Experiencing a data breach purely from being internet-connected is quite rare. Hackers rely on users to open or install a malicious payload, according to Proofpoint
For all of the attention paid to software vulnerabilities—there are dozens, if not hundreds, published daily, only a handful of which are publicized in the news—the factor in question for security is « the human factor, » as Proofpoint states in their 2019 Human Factor Report, published Monday. The results make sense—while computers can automate tasks, they are not themselves autonomous.
« Instead of attacking computer systems and infrastructure, threat actors focused on people, their roles within an organization, the data to which they had access, and their likelihood to ‘click here’, » the report stated. « Whether attacking at a massive scale in large, indiscriminate campaigns, going after specific industries or geographies with more targeted campaigns, or seeking out a single person within an organization, attackers and their sponsors consistently found human beings to be the most effective vectors to infiltrate organizations and facilitate fraud and theft. »
Phishing is quite often the form these attacks take—generic email credential harvesting represented nearly a quarter of all phishing attacks, with Office 365 and financial institution phishing attacks rounding out the top three.

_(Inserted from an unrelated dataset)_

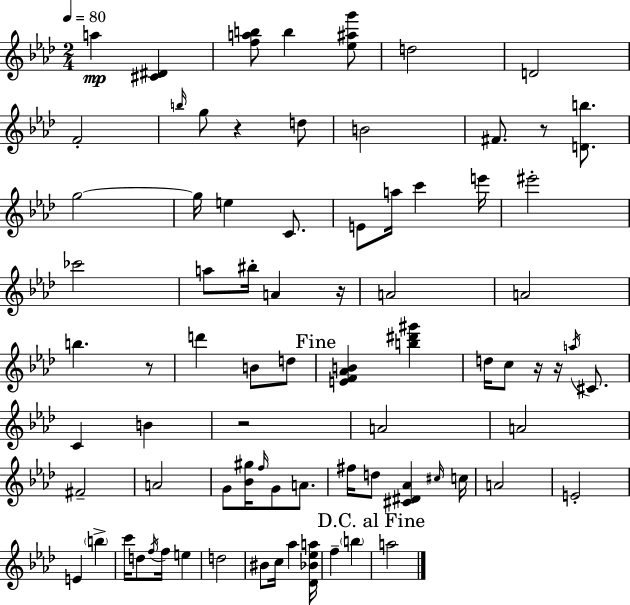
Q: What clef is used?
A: treble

Likewise, impostor attacks—which Proofpoint uses as a catch-all term
for domain spoofing, look-alike domains, and other methods for « identity deception, » were at an all-time high in 2018 for engineering, automotive, and education fields, » likely reflecting easily exploited supply chain complexities in the first two and high-value targets and user vulnerabilities, especially among student populations, in the latter, » according to the report.
Despite conventional expectations, the highest-profile people within an organization are not necessarily the highest-profile targets for hackers. Proofpoint proposes the concept of « Very Attacked People » (VAPs) that are « either easily discovered identities or targets of opportunity like shared public accounts. » The report notes that 36% of identified VAPs could be found « via corporate websites, social media, publications, and more, » while only 7% of C-level executives who are also VAPs could be found online.
Corporate websites are the most frequent source of VAPs, at just over 40%, with « publicly available files » a close second. Social media services accounted for less than 5% of sources.
Likewise, the size of an organization is not a strong indicator of how likely it will be attacked. « While larger organizations may be attractive for their deep pockets, smaller companies may be more vulnerable due to the relative lack of controls and awareness, both of which create lucrative potential outcomes for threat actors, » the report stated.